David Cody, Assistant Professor of English, Hartwick College
Charlotte Brontë, with her Byronic brother and her tragic sisters, have become the center of a great romantic legend, the cult of the Brontës. Charlotte is the central figure in this cult partly because (though she died at thirty-eight) she survived all the rest, partly because she wrote more that the others did, and at least in part because after her death she was the subject of a great biography.
Charlotte was possessed of a remarkably complex character: she was indomitably honest, tenacious, stoic, full of integrity and determination and independence of thought, enthusiastic, passionate, and yet emotionally insecure, shy, sensitive, physically frail, secretly obsessed with her own ugliness — she was thin, short, and plain, with a reddish face, missing teeth and an overhanging brow, though friends speak of her lovely eyes and beautiful hair — and prone to psychosomatic ilnesses.
Charlotte, Anne, and Emily Brontë became authors despite (or perhaps because of) the strange life — outwardly empty, inwardly rich — which they led as children: Charlotte herself, looking back on the years at Haworth, wrote of their feeling of being “buried with inferior minds.”
All of her fictions, with their intensely romantic emphasis on the Gothic and the supernatural, with their intense sexuality (not always detected or acknowledged by contemporary readers — Queen Victoria called Jane Eyre “really a wonderful book,” which she would certainly not have done had she really understood it) their implicit satire, and their emphasis on the sustaining power of the inner life of the imagination, are autobiographical, at least in a psychological sense. The only great passion of her life was a guilty and a doomed one one: as his pupil in Brussels she fell in love with M. Heger, a married man with a large family, and her love was not reciprocated. It is no accident that all of her novels are secretly fairy tales, variations on the Cinderella theme. Her adolescent fantasies set in the imaginary country called, significantly, Angria, were reworked, as she matured, into great novels, all of them concerned with doomed, ardent, sensitive, lonely, passionate heroines who are versions of herself. Rather unfairly, Matthew Arnold, after reading Villette, wrote that her mind “contained nothing but hunger, rebellion, and rage”: Virginia Woolf, more perceptively, suggested that “All her force, and it is the more tremendous for being constricted, goes into the assertion, “I love,” “I hate,” “I suffer.”
In a very real sense Charlotte’s life was spent in mourning, in a struggle against the grim realities which surrounded her — abandonment, brutalization, emotional deprivation, death (during her life she was forced to confront the traumatic loss of her mother, her four sisters, and her brother) and the search for reality, for her own identity.

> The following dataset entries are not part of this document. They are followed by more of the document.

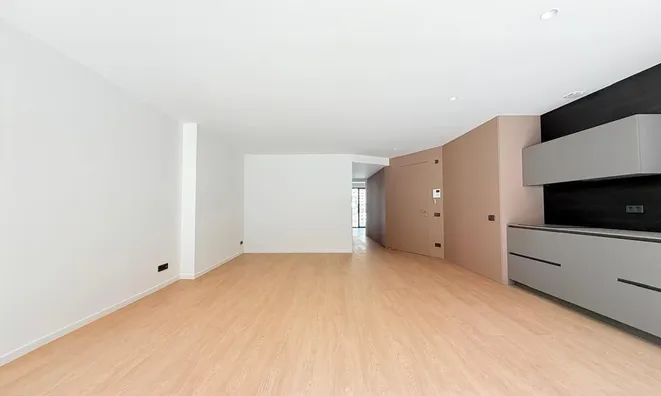 Недвижимость Apartment for sale in Andorra la Vella, 3 bedrooms: 4
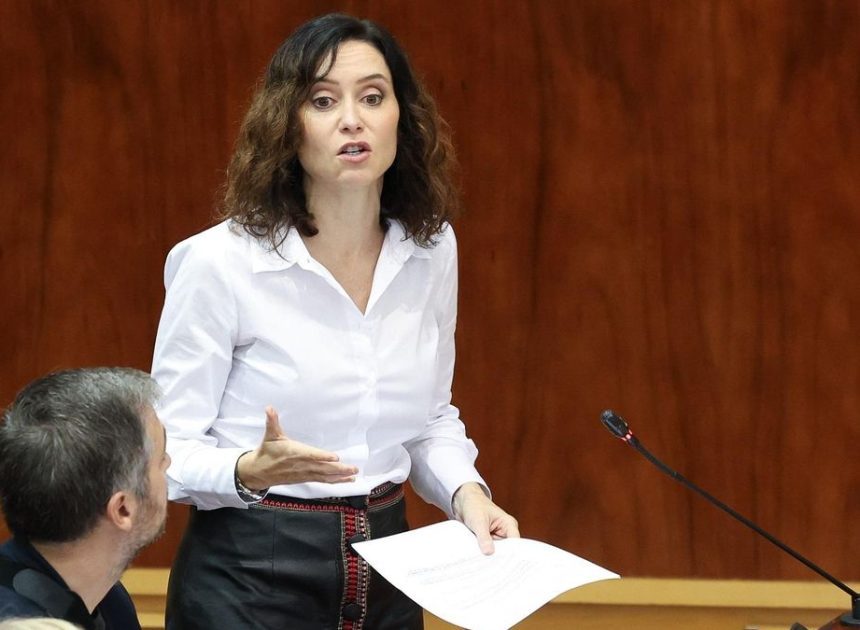 Sanidad denuncia al Gobierno de Ayuso por negarse a crear el registro de objetores al aborto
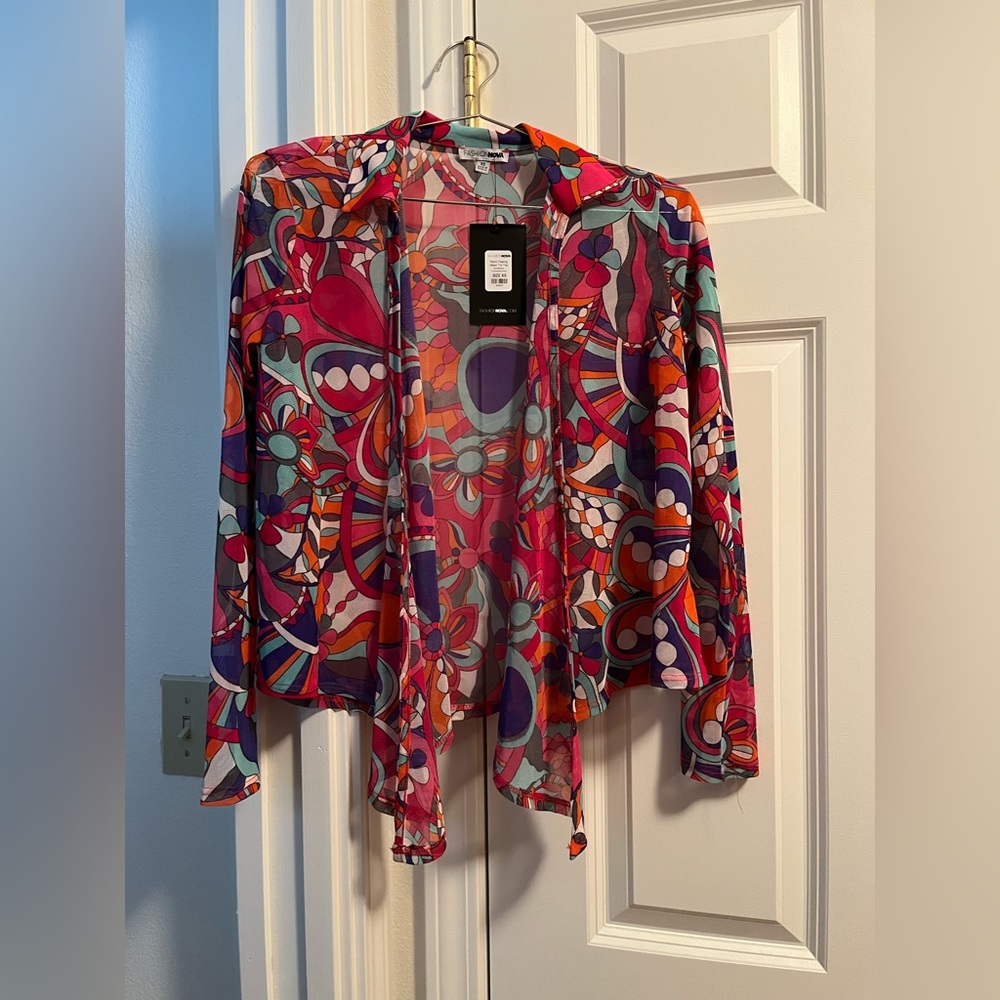 Fashion Nova - Retro Feeling Mesh Tie Top
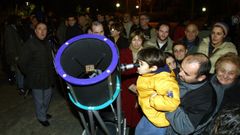 Una sesi�n de observaci�n del cielo nocturno organizada por la Asociaci�n Astron�mica Coru�esa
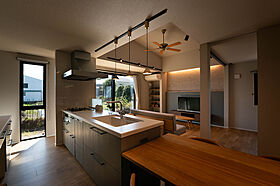 平屋生活の施工事例「趣味を楽しむインナーガレージの平屋」の画像3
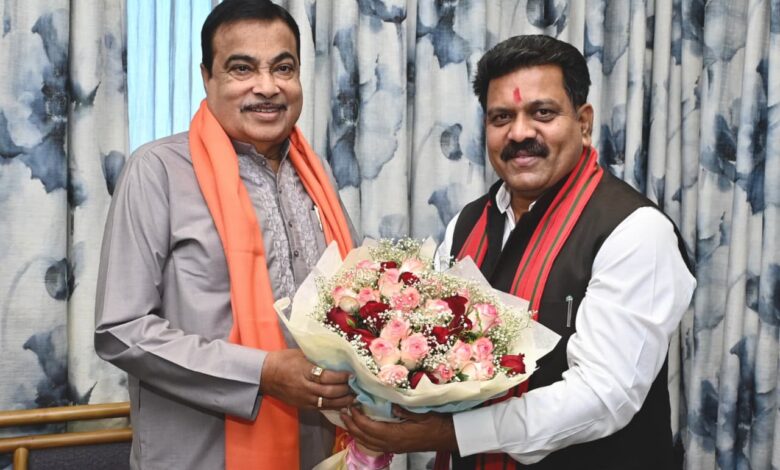 केंद्रीय परिवहन मंत्री नितिन गडकरी से मिले उपमुख्यमंत्री विजय शर्मा, कवर्धा बायपास और NH-30 के धवईपानी से सिमगा सेक्शन को 4-लेन करने का किया आग्रह, मंत्री ने दिया शीघ्र स्वीकृति का आश्वासन….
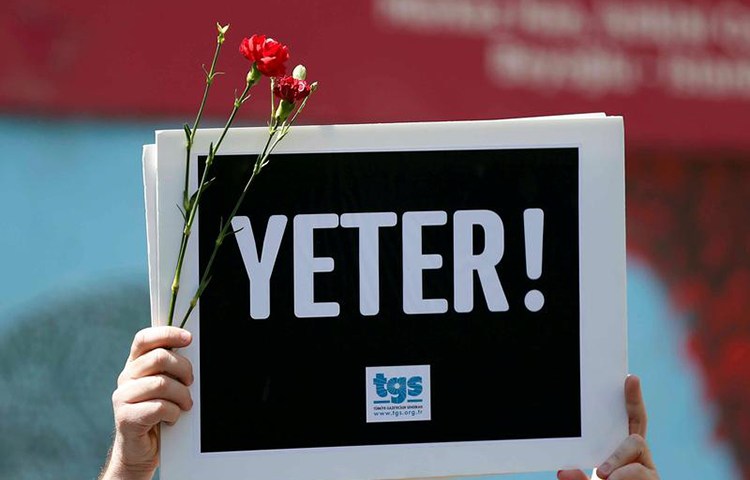 A member of the Journalists Union of Turkey TGS holds a sign reading "Enough" in a protest in Istanbul to mark World Press Freedom Day, May 3, 2017. (Reuters/Murad Sezer)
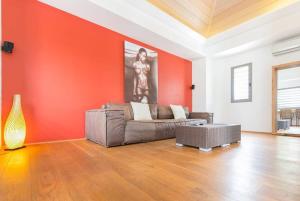 Χώρος καθιστικού στο Regal Villa with Two Private Pools +23 φωτογραφίες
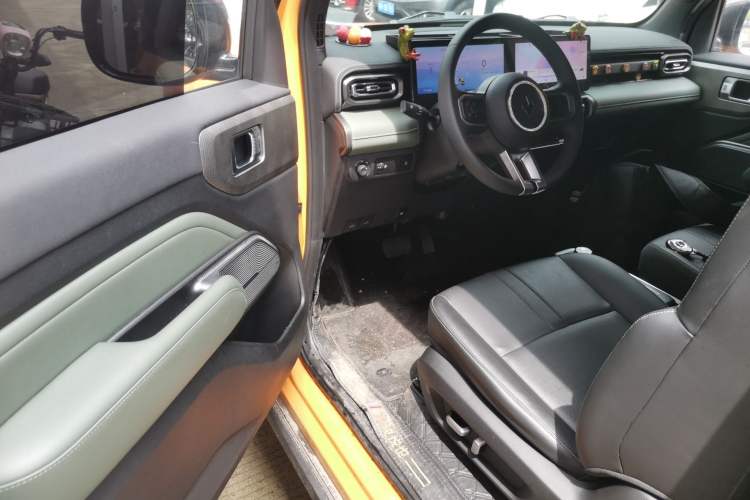 Used Baojun Spark 2023 Intelligent Premium Edition Driver Seat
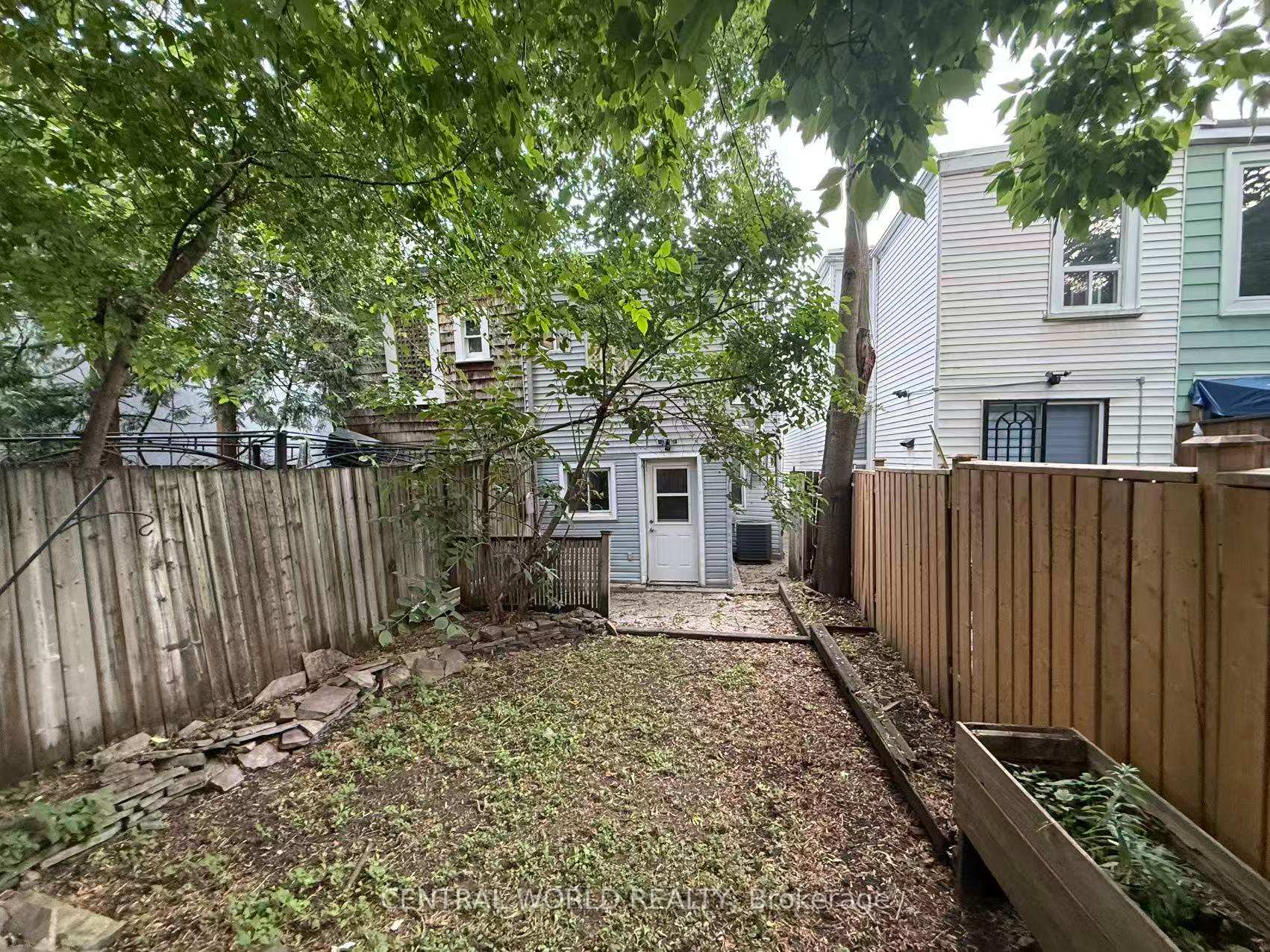 Photo 4 of 898 Eastern Avenue, Toronto, Greenwood-Coxwell — HOMEH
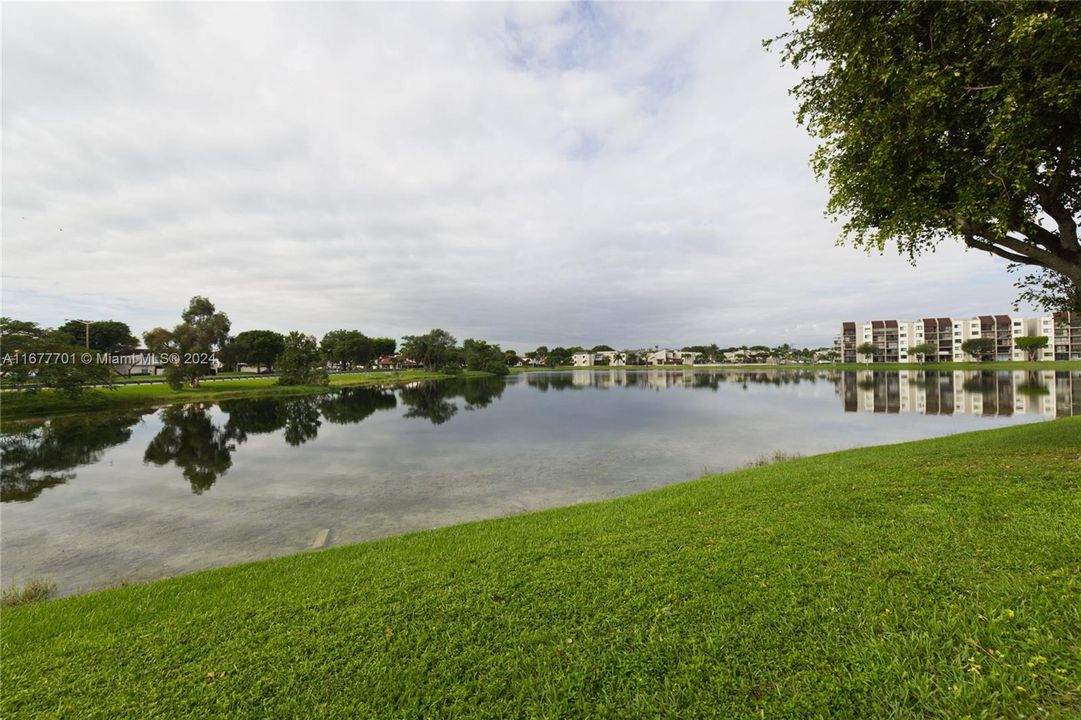 For Sale: $415,000 (3 beds, 2 baths, 1192 Square Feet)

She wrote because writing provided her with a psychological release: life without composition was unthinkable to her. Full of manifestations of her sense of deprivation, tension, and repression, her creative work — intuitively, almost unconscously — came more and more to provide her with a means of “filling the time which spreads between me and the grave,” as one of her characters puts it. She saw only one escape from the trials of life, the one which her sisters and brother had already taken and the one which she eventually chose for herself. Vehemently anti-Calvinistic, she was nevertheless frequently preoccupied with a fear of damnation, but in the end she seems to have chosen death as an alternative to life. Her triumph lay in her ability to employ her remarkable creative powers to transmute her own experiences into great art, but also in her ability to survive for as long as she did in a world which was, so far as her own life was concerned, almost unbelievably burdened with great sorrow and with genuine tragedy.